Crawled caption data
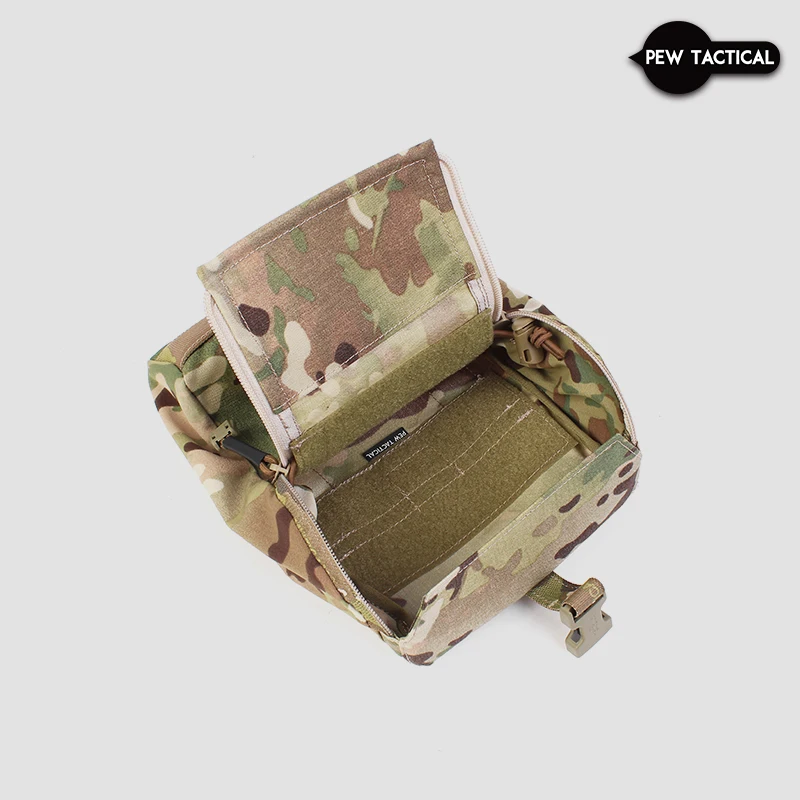 PEW TACTICAL GP POUCH 9X7X3in molle Acceso rápido y silencioso PH96 - imagen 3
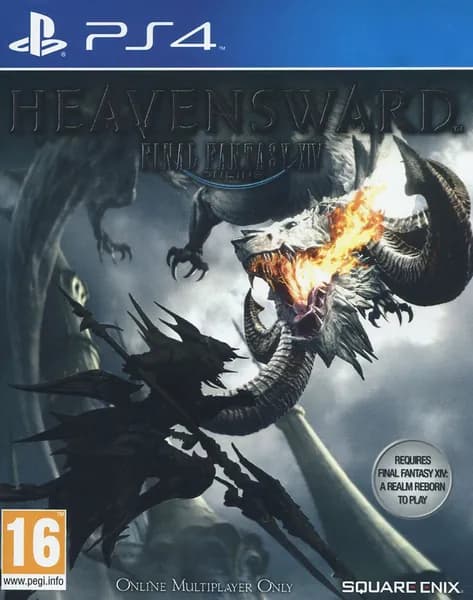 Игра Final Fantasy XIV: Heavensward (PlayStation 4, PlayStation 5, Английская версия)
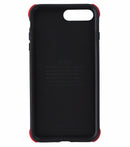 Tumi Protection Series Hard Case for iPhone 8 Plus 7 Plus - Brushed Gunmetal/Red - Tumi - Simple Cell Shop, Free shipping from Maryland!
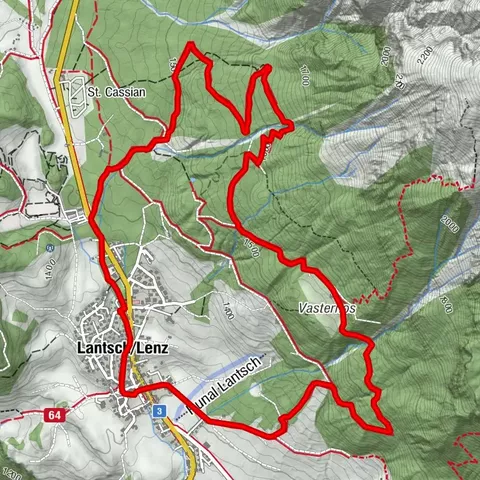 749 Val Meltger suspension bridge trail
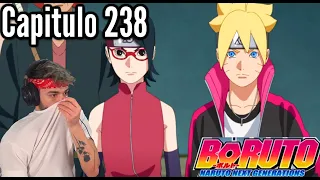 🌀BORUTO CAPITULO 238 SUB ESPAÑOL HD [COMPLETO] REACCION - MuguiNubi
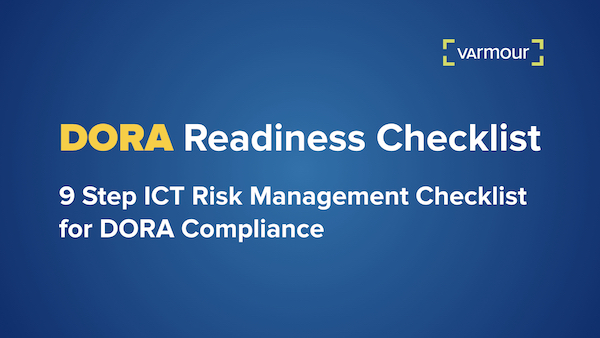 DORA Readiness Checklist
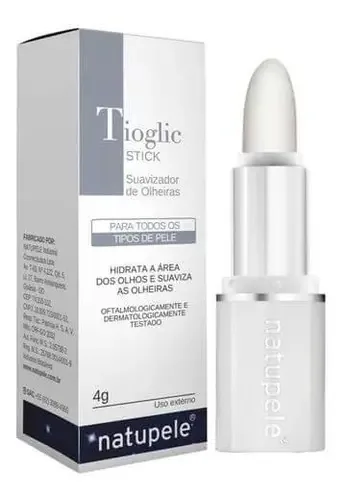 Tratamento Olheiras Tioglic Stick Area Dos Olhos Natupele 4g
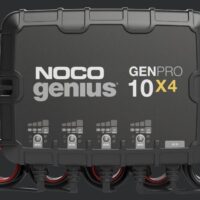 NOCO Onboard Battery Charger, 4 Bank, 40 Amp, 12 Volt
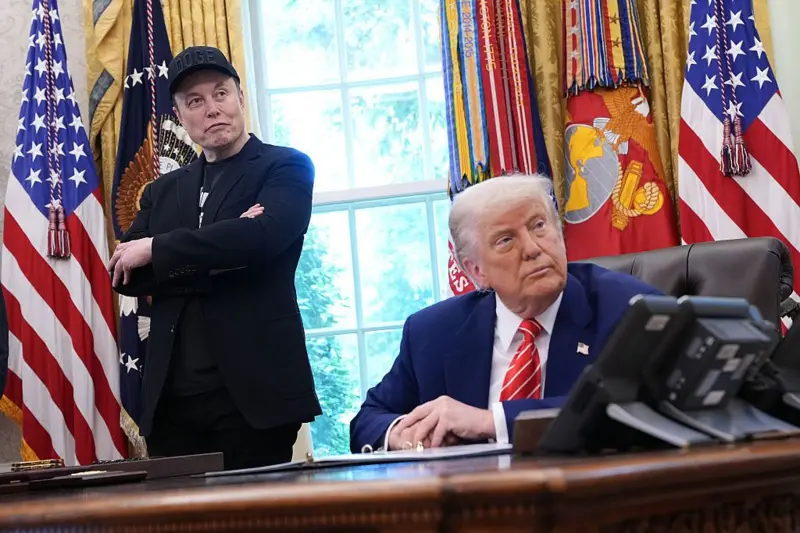 «Sin mí no sería presidente»: Musk y Trump inician una guerra en público con intercambio de insultos y amenazas
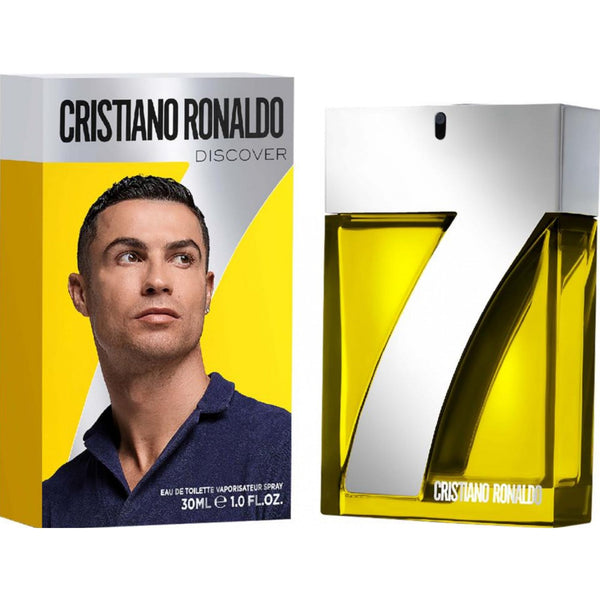 Cristiano Ronaldo Cristiano Ronaldo CR7 Discover 30ml EDT Spray - Health & Beauty > Personal Care > Cosmetics > Perfumes & Colognes > Eaux De Toilette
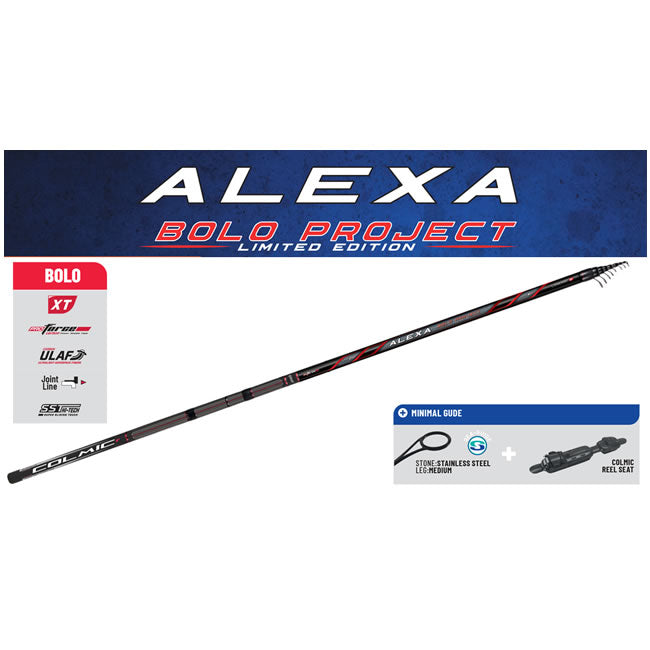 Lanseta Bologneza Colmic Alexa Bolo Project 7m 20gr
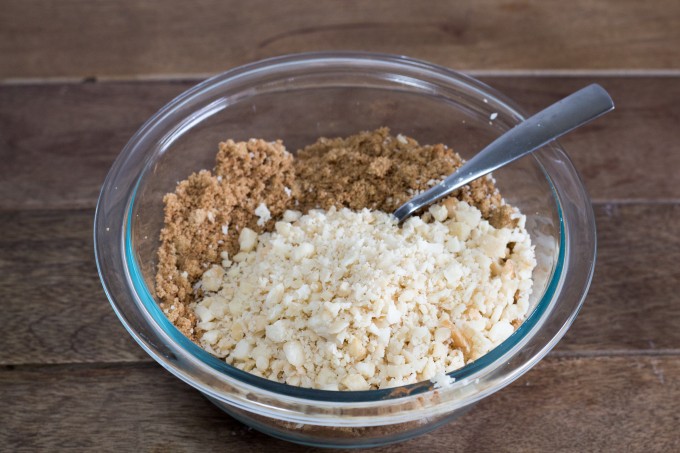 Ingredients for Ham Crust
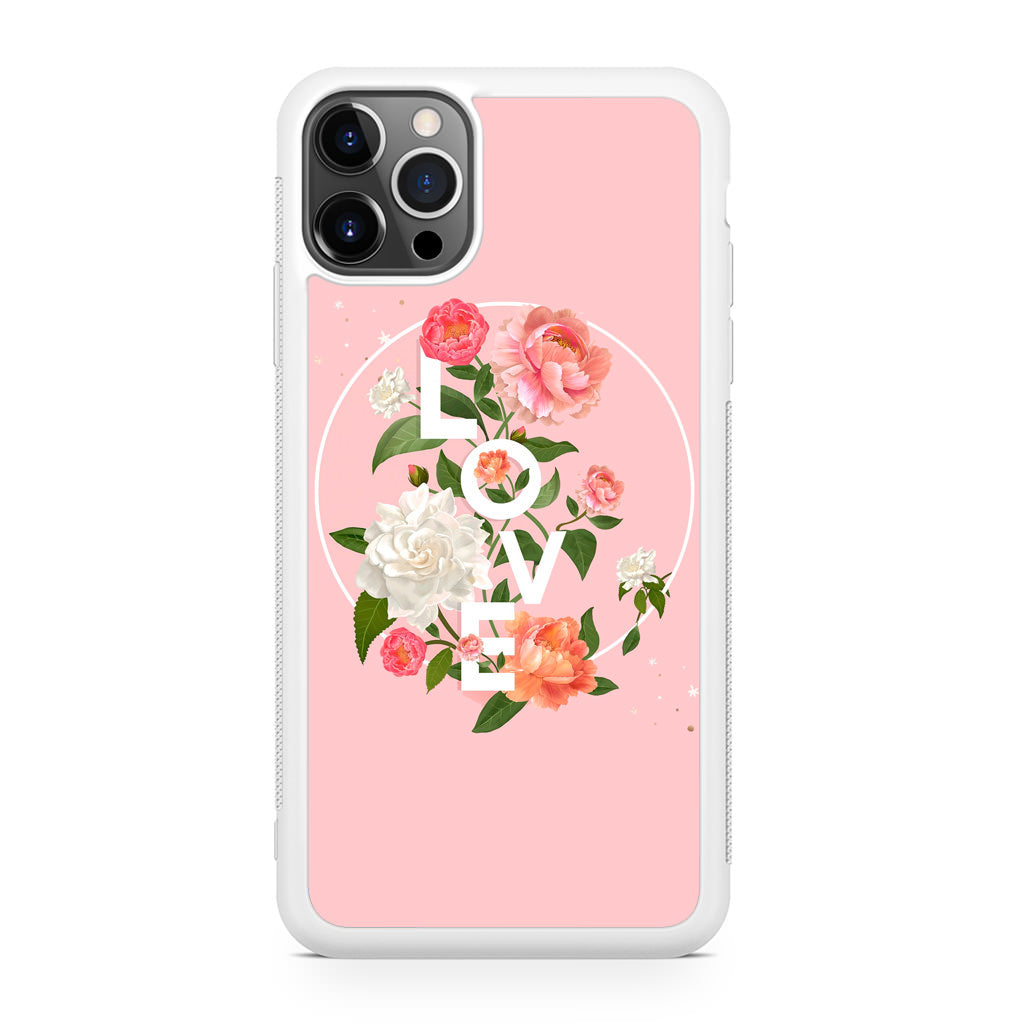 The Word Love iPhone 12 Pro Max Case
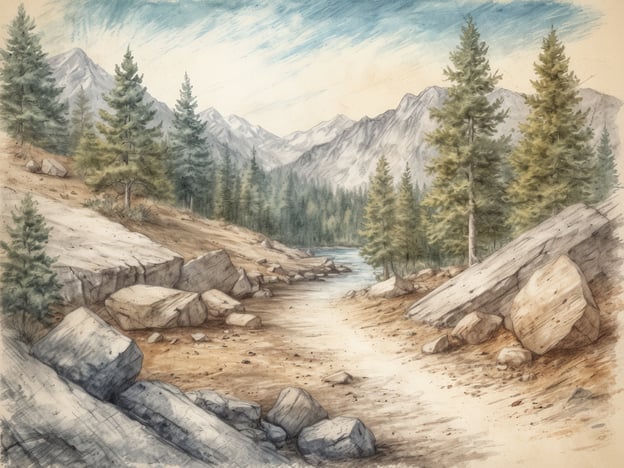 Auf dem Bild ist eine malerische Naturlandschaft mit Bergen, Bäumen und einem Fluss zu sehen. Solche Szenarien bieten viele Aktivitäten und Freizeitmöglichkeiten.
1. **Wandern**: Die Wege in der Umgebung laden zum Wandern ein und ermöglichen es, die Natur hautnah zu erleben.
2. **Fotografie**: Die schöne Aussicht ist perfekt für Naturfotografie.
3. **Angeln**: Der Fluss könnte eine gute Stelle zum Angeln sein und ruhige Momente bieten.
4. **Picknicken**: Ein Picknick am Ufer des Flusses ist eine entspannende Möglichkeit, die Natur zu genießen.
5. **Naturbeobachtung**: Man kann gerne Vögel und andere Tiere beobachten, die in dieser Umgebung leben.
Diese Aktivitäten machen es möglich, die Ruhe und Schönheit der Landschaft zu genießen.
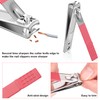 Manicure Set, Travel Mini Nail Clippers Kit Pedicure Care Tools,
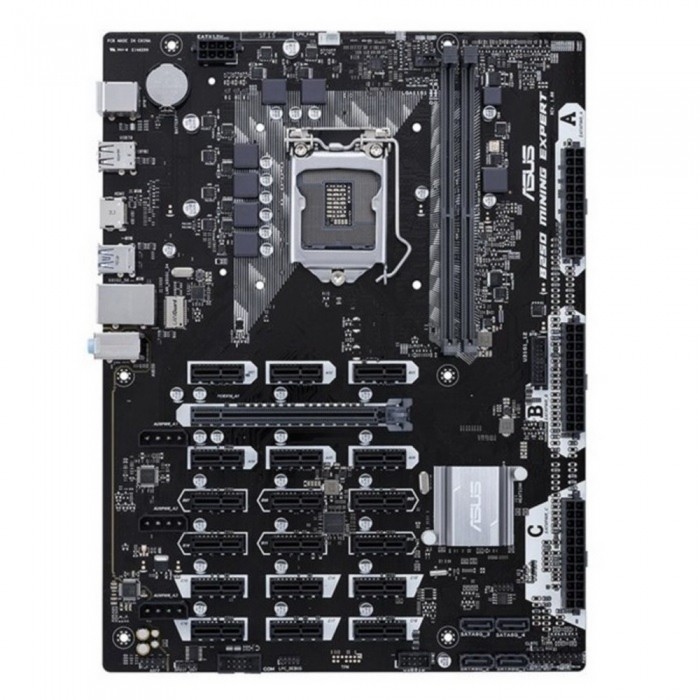 Материнская плата ASUS B250 MINING EXPERT/CSM RTL
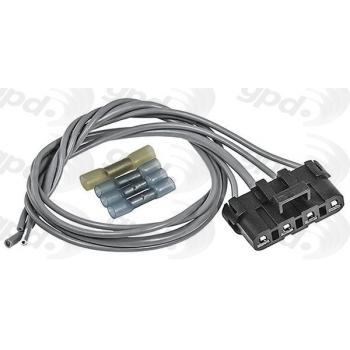 1995 GMC Sonoma HVAC Blower Motor Resistor Harness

__PROBLEM STATEMENT__: Transcribe, word for word, the stretch of lines in the data above from the one with "Ingredients for Ham Crust" through the one with "4. **Picknicken**: Ein"; omit all pictures.

__SOLUTION__:
 Ingredients for Ham Crust
 The Word Love iPhone 12 Pro Max Case
 Auf dem Bild ist eine malerische Naturlandschaft mit Bergen, Bäumen und einem Fluss zu sehen. Solche Szenarien bieten viele Aktivitäten und Freizeitmöglichkeiten.
1. **Wandern**: Die Wege in der Umgebung laden zum Wandern ein und ermöglichen es, die Natur hautnah zu erleben.
2. **Fotografie**: Die schöne Aussicht ist perfekt für Naturfotografie.
3. **Angeln**: Der Fluss könnte eine gute Stelle zum Angeln sein und ruhige Momente bieten.
4. **Picknicken**: Ein Picknick am Ufer des Flusses ist eine entspannende Möglichkeit, die Natur zu genießen.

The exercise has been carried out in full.